### EXERCISE REQUIREMENTS
Repeat every record below exactly, but leave out any pictures.

### INPUT RECORDS

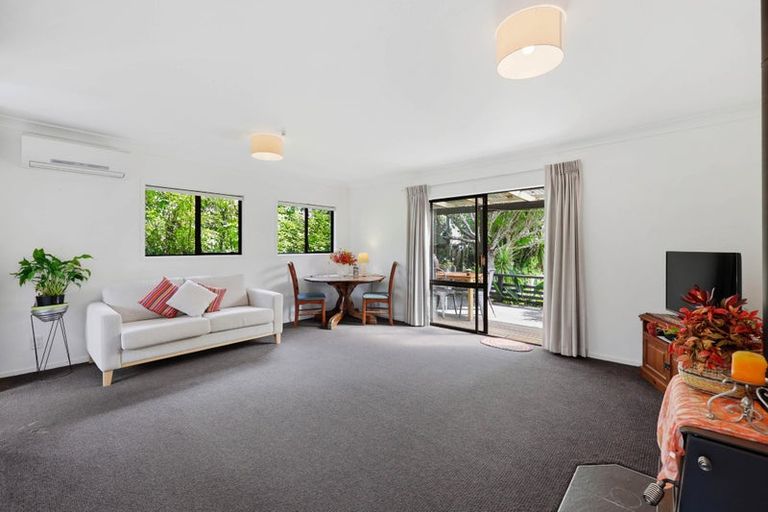 Photo of property in 4 Millen Place, Clarks Beach, 2122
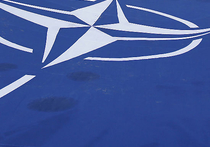 Грушко: НАТО переходит на схему безопасности времен "холодной войны"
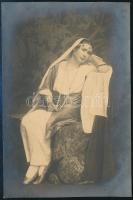 1923 Hölgy jelmezben, fotólap, 13×8,5 cm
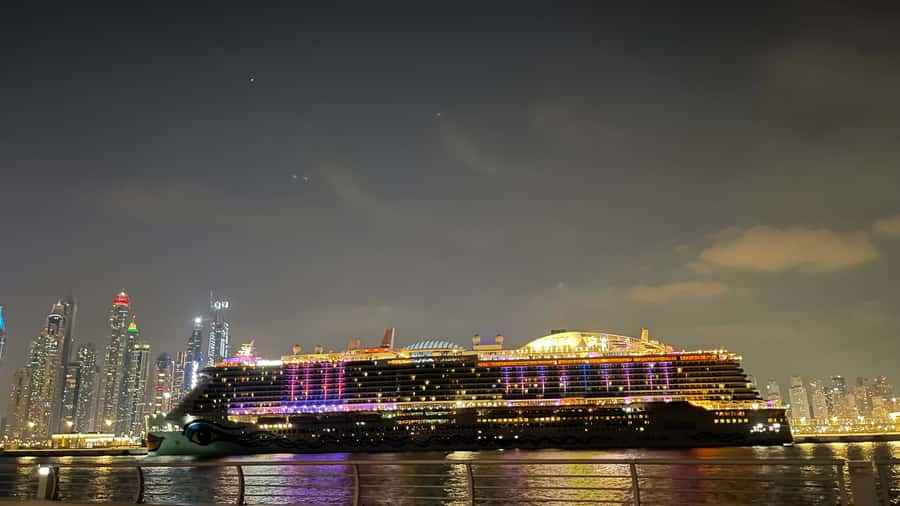 Dubai: Private Luxury Night Boat Tour - Where You Start at Dubai Marina, Pier 7, and What to Look For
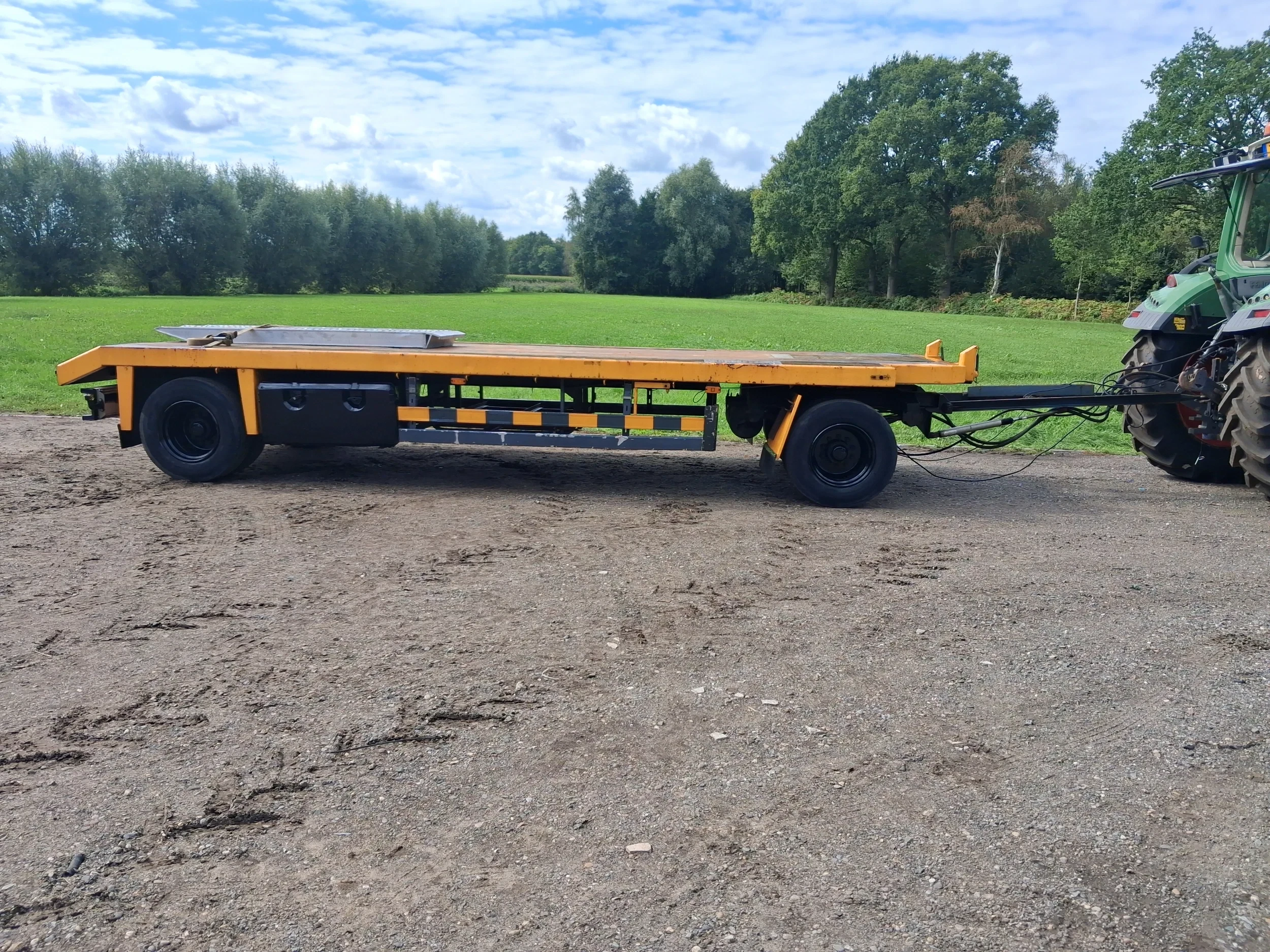 Zelfbouw 1975 - Aanhanger Oprijwagen dieplader 12 ton afbeelding 1
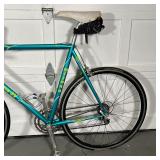 Shimano Dura-Ace "Flight Deck" brakes and shifters, Shimano hubs laced to SUP V Rims, Selle San Marc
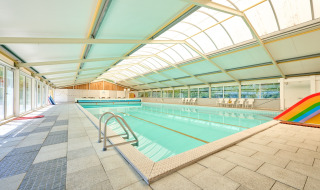 Piscina cubierta - Villatent - Bronzen Emmer - Meppen, Drenthe, Países Bajos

### SOLVED EXERCISE
 Photo of property in 4 Millen Place, Clarks Beach, 2122
 Грушко: НАТО переходит на схему безопасности времен "холодной войны"
 1923 Hölgy jelmezben, fotólap, 13×8,5 cm
 Dubai: Private Luxury Night Boat Tour - Where You Start at Dubai Marina, Pier 7, and What to Look For
 Zelfbouw 1975 - Aanhanger Oprijwagen dieplader 12 ton afbeelding 1
 Shimano Dura-Ace "Flight Deck" brakes and shifters, Shimano hubs laced to SUP V Rims, Selle San Marc
 Piscina cubierta - Villatent - Bronzen Emmer - Meppen, Drenthe, Países Bajos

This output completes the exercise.